Wanted to show some appreciation here for a respectful and intelligent discussion starter in a tricky arena. I especially like point #1. I have heard it this way: When military endeavors fail, we don't blame the soldiers. We blame the system. The decision-makers. The policy. Then why do those on the front lines get attacked in education? We have a broken system and kids are paying for it. But so are educators.

Ryan Morgan
May 10, 2011

Some good points here, but #4 is kind of silly. Many teachers have this halo effect that they are worth much more than they are, even when they are tons of out-of-work teachers who would love to take their job at their current pay. To make unions unnecessary, you'd have to pay these teachers what they THINK they are worth. And no local government in the country has that much money.

Aimeelynn77
May 10, 2011

I am a special education aide at a public middle school in the mid west. I offer a big "Amen" and an even bigger "Thank You" to Bill for a very intelligent and thoughtful posting. He hit the nail on the head on all points.

Maureenherring
May 11, 2011

As an educator, thanks for #1.

While it's true that solutions do take time, I think we need a more nimble process for implementing reform. It takes so long to gather and aggregate data, decide what to do, decide how to implement the reform, determine how to measure it and how to allocate funds based on the measurement that by the time the reform is implemented newer and more pressing problems have arisen or better solutions have been developed. And trying to back out of a reform that's not working can be even more involved.

Lots can be learned when teachers lecture and students work alone, but classroom learning needs to reflect the collaborative and adaptive skills students need to function in 21st century work environments and social settings. On top of that students need better technology, schools need better technology support and teachers need better technology training.

While a recent Harvard study showed that students from states with teacher's unions out-performed students from non-union states, it's not all about the money. Private schools educate students with fewer dollars per student while paying teachers significatntly less than their public schools counterparts yet, according to a Time study, private school students consistently outperform public school students on tests like the SAT that measure critical thinking. Perhaps class size, teacher autonomy, professional respect, or teacher motivation are driving factors rather than money.

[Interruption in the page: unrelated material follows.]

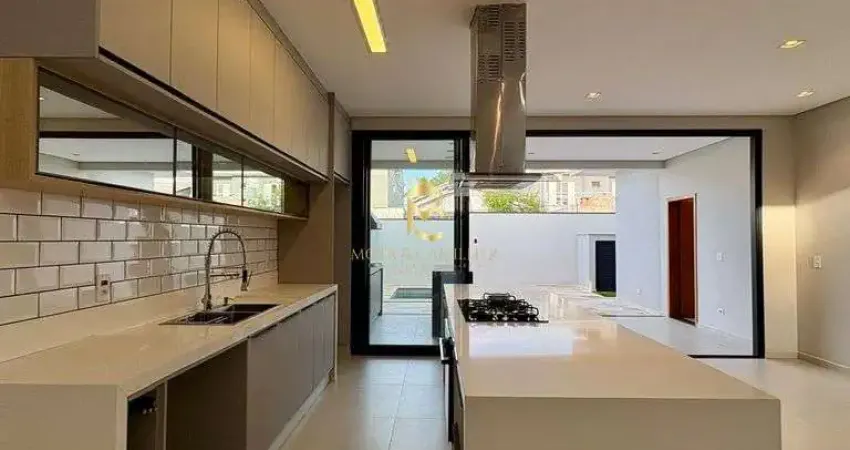 Casa com piscina disponível para locação em Condomínio em Tremembé.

Private school students are generally from homes where education is highly valued and parents are more involved. The community and environment the student experiences outside school is influential. For many lower income students the information and experiences encountered at school fits nowhere in their social context. Studies show that equipping communities to support its students outside school walls is key. If solutions for all God's children need to be found then God's children need to donate, volunteer, mentor and pray.

Brooklyn Cravens
May 11, 2011

If you slip up and say something lame or unintelligent in a discussion on education, you can always default to, "teachers should get paid more!" Although I do think they should get more pay.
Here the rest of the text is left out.